━━ DATA SECTION
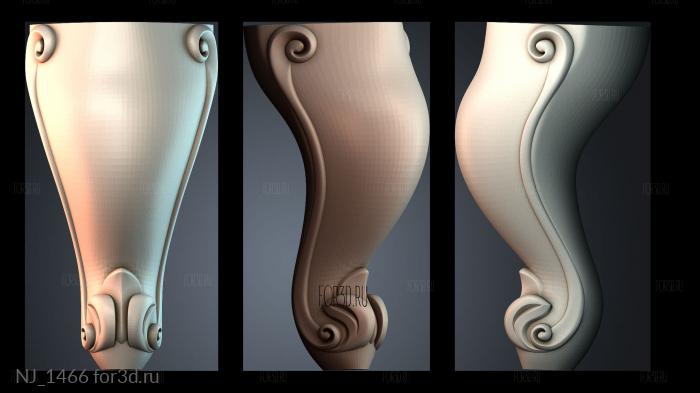 NJ_1466 3d stl модель для ЧПУ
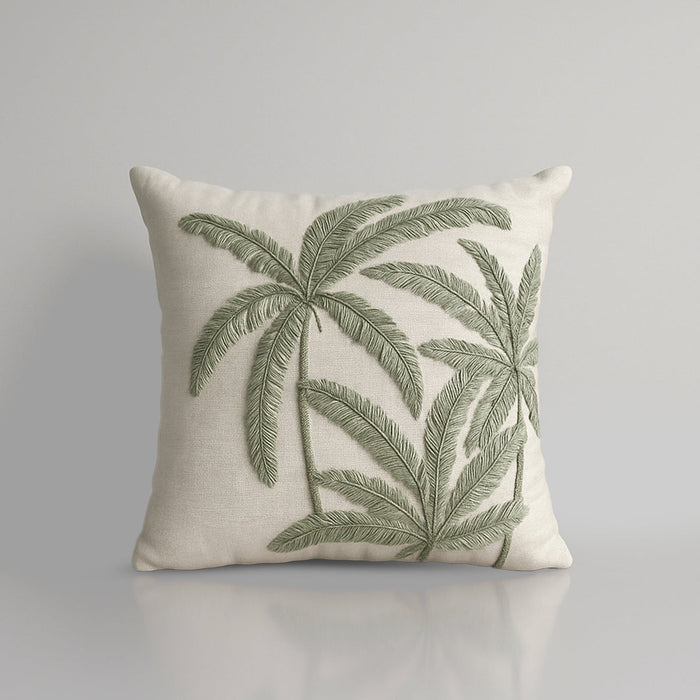 Frondis Olive Green Cushion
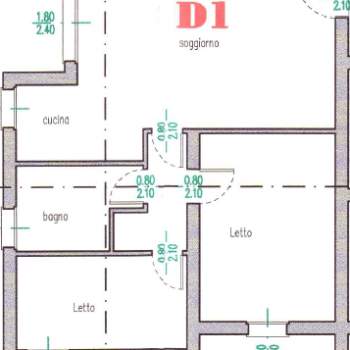 Appartamento in vendita a Bondeno (FE)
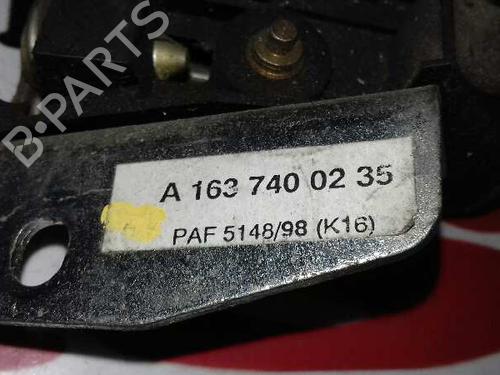 Bakluke lås MERCEDES-BENZ M-CLASS (W163) ML 320 (163.154) | BP7951493C101 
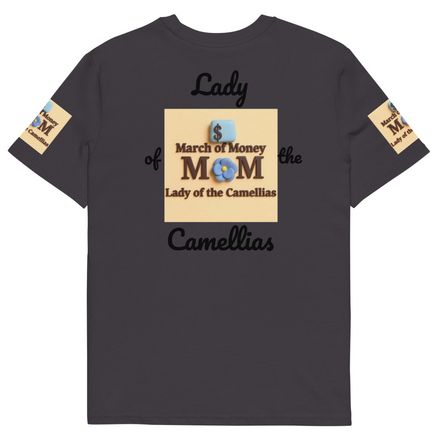 bbluna60 MOM Unisex Organic Cotton T-Shirt | Stanley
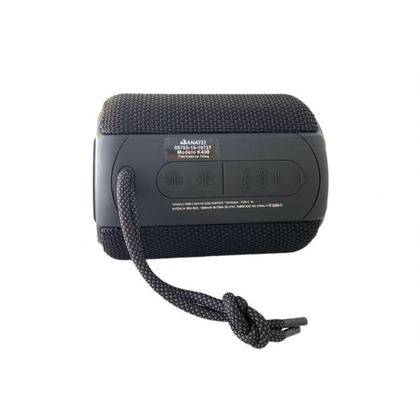 Imagem de Caixa De Som Bluetooth 10W Ipx6 K400X 10W Preta Kimaster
━━━━
▶ [WHAT YOU SHOULD DO] The response should repeat each record precisely and contain no pictures.

▶ [RESPONSE TO THE TASK]
 NJ_1466 3d stl модель для ЧПУ
 Frondis Olive Green Cushion
 Appartamento in vendita a Bondeno (FE)
 Bakluke lås MERCEDES-BENZ M-CLASS (W163) ML 320 (163.154) | BP7951493C101 
 bbluna60 MOM Unisex Organic Cotton T-Shirt | Stanley
 Imagem de Caixa De Som Bluetooth 10W Ipx6 K400X 10W Preta Kimaster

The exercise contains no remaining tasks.